Hoewel vanavond de kermis pas officieel open is, had zij om twaalf uur alles al in orde gemaakt. Ze had de blauwgroene nagels gekozen. Toen zij ze zorgvuldig over haar eigen afgebeten nagels schoof, was die stem er weer. ,,Er is werk voor je. Ga naar buiten naast de deur van je kamer zitten en wacht." Ze had gewacht, bijna een uur. Toen stonden ze daar, die jongens. Duidelijk werd haar die ene aangewezen, de jongen die wegkroop achter de rug van zijn vriend. Ogenblikkelijk had ze invloed op hem. Hij is een goed medium. Daar zit hij nu, de ogen strak op haar kristallen bol, die ze als kind al van haar grootmoeder kreeg. Madame Weleda ziet ook wat Henk in de bol meent te zien. Het gezicht van een man. Zijn donkere ogen jagen schrik aan.
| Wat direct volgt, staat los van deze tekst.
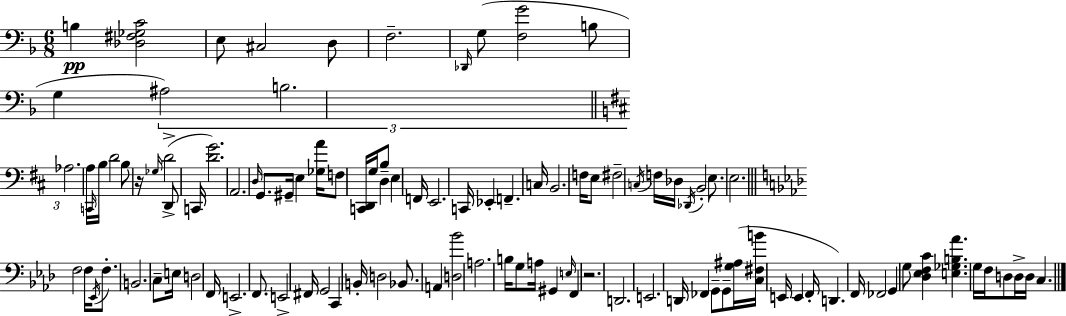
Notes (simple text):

B3/q [Db3,F#3,Gb3,C4]/h E3/e C#3/h D3/e F3/h. Db2/s G3/e [F3,G4]/h B3/e G3/q A#3/h B3/h. Ab3/h. A3/s C2/s B3/s D4/h B3/e R/s Gb3/s D4/h D2/e C2/s [D4,G4]/h. A2/h. D3/s G2/e. G#2/s E3/q [Gb3,A4]/s F3/e [C2,D2]/s G3/s B3/e D3/q E3/q F2/s E2/h. C2/s Eb2/q F2/q. C3/s B2/h. F3/s E3/e F#3/h C3/s F3/s Db3/s Db2/s B2/h E3/e. E3/h. F3/h F3/s Eb2/s F3/e. B2/h. C3/e E3/s D3/h F2/s E2/h. F2/e. E2/h F#2/s G2/h C2/q B2/s D3/h Bb2/e. A2/q [D3,Bb4]/h A3/h. B3/s G3/e A3/s G#2/q E3/s F2/q R/h. D2/h. E2/h. D2/s FES2/q G2/e G2/e [G3,A#3]/s [C3,F#3,B4]/s E2/s E2/q F2/s D2/q. F2/s FES2/h G2/q G3/e [Db3,Eb3,F3,C4]/q [E3,Gb3,B3,Ab4]/q. G3/s F3/s D3/e D3/s D3/s C3/q.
Zijn smalle gelaat met het kleine snorretje, zijn gitzwart achterovergekamde haar, 't is alles duidelijk te onderscheiden. "Pas op voor die man, hij zal je hele leven gaan beheersen, je zult hem in alles gaan gehoorzamen." De hese stem verbreekt de betovering waarin Henk gevangen is. Hij komt met een schok terug tot de werkelijkheid. Wat verdwaasd staart hij rond in het kleine vertrek. Het donkerrode behang, de wonderlijk gevormde spiegel, het rode tafelkleed, de rode stoelen en vooral die vrouw, dat....... dat wijf! Als een flits schiet het door hem heen: hij moet hier weg! Weg uit deze beklemmende sfeer, weg van deze gevaarlijke vrouw. Die muren, dat tafelkleed, die stoelen, al dat rood, 't benauwt hem. Hij zal nog stikken. 't Starre uit Henks houding verdwijnt. Hij wrijft met de hand over zijn ogen. ,,Nee". stoot hij plotseling uit, ,,Nee, weg!" Hij springt op, z'n stoel valt met een bons achterover, hij geeft een woeste stomp tegen dat gezicht in die bol, tegen die dwingende hypnotiserende ogen. Hij maait met één zwaai het spel kaarten van de tafel en is met enkele stappen bij de deurtjes. Boeddha blaast dreigend, z'n rug gekromd, de staart dik van boosheid. Henk geeft het dier een schop en duwt blindelings de klapdeuren open, stommelt het donkere portaal door en springt de buitenlucht in. Woest wrijft hij met de mouw van zijn jack over zijn ogen. Daar lijkt een vlies voor te zitten. Hij rukt z'n fiets uit de handen van Peter, springt op het zadel en spurt weg.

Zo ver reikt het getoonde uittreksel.